Deontay Wilder got off to a solid start in the first round. But it was a different look Wilder offered, constantly working the jab to the body. A hard right toward the end of the round by Fury made it close. But many gave the round to Wilder. The second round saw more of the same.

Then in round three things really got started. A big Fury right sent Wilder tumbling to the canvas. The game slugger rose to his feet, surviving the follow-up until the bell rang moments later.

Wilder on unsteady legs to begin the fourth, became fodder for Fury looking to finish him off. But just when it appeared that the fight was about to end, the “Bronze Bomber” uncorked a perfect short right followed by another, dropping Fury to the mat. Fury made it to his feet but was down again moments later when another Wilder flurry floored him. The bell rang seconds after he got up.

Wilder started strong in the fifth, blasting Fury with more rights. The “Gypsy King” maintained his composure, digging to the body in close quarters. In rounds six to ten Wilder wore down with Fury looking the fresher of the two. Wilder was dropped again in the tenth, but just when you thought he was out, he roared back to end the round landing solid shots on Fury.  Enough to think Fury may make his own visit to the canvas in round ten.

Both fighters made it out of the round and came out for the eleventh, but another Tyson Fury right dropped Wilder a third and final time, when referee Russell Mora mercifully rescued the brave warrior, ending the fight at 1:10 of the round.

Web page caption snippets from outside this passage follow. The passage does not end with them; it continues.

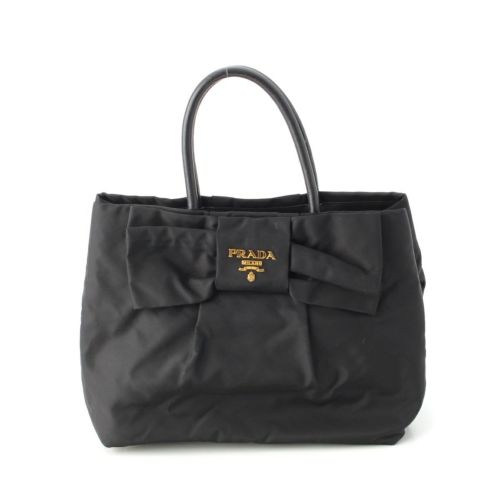 プラダ テスート リボン トートバッグ BN1601 ブラック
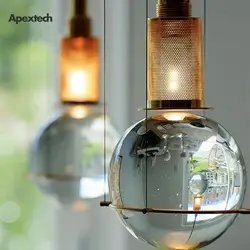 Элегантный из стекла Хрустальная подвеска-шар свет скандинавские гостиной подвесной светильник магазин ресторан освещение в спальне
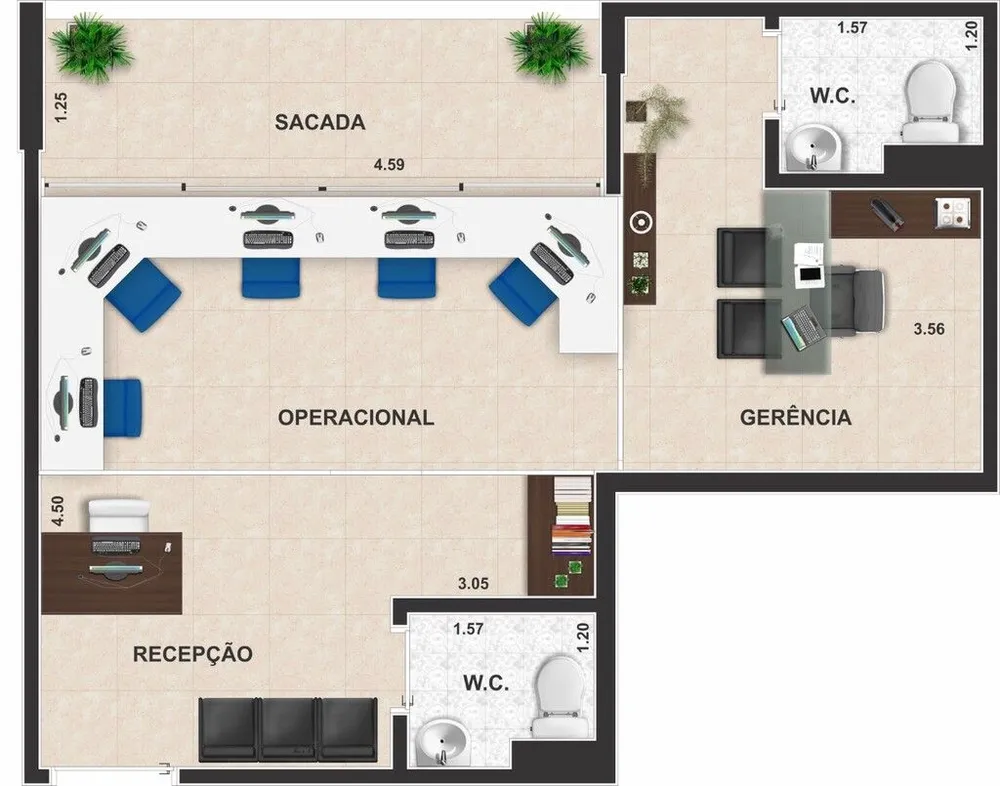 Apartamento, 2 quartos - Foto 12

“Like the great John Wayne said, iron and steel, baby,” Fury said. “I give God the glory for the victory. [Wilder] is a tough man. He took some big shots tonight. And I want to say that if it wasn’t for Sugar Hill, America and Detroit’s own, I wouldn’t have gotten through that fight tonight. He said, ‘get your jab working, big guy, and throw that right hand down the middle. That’s how the big dogs do it.’”

“I did my best, but it wasn’t good enough,” said Wilder afterwards. “I’m not sure what happened. I know that in training he did certain things, and I also knew that he didn’t come in at 277 to be a ballet dancer. He came to lean on me, try to rough me up and he succeeded.”  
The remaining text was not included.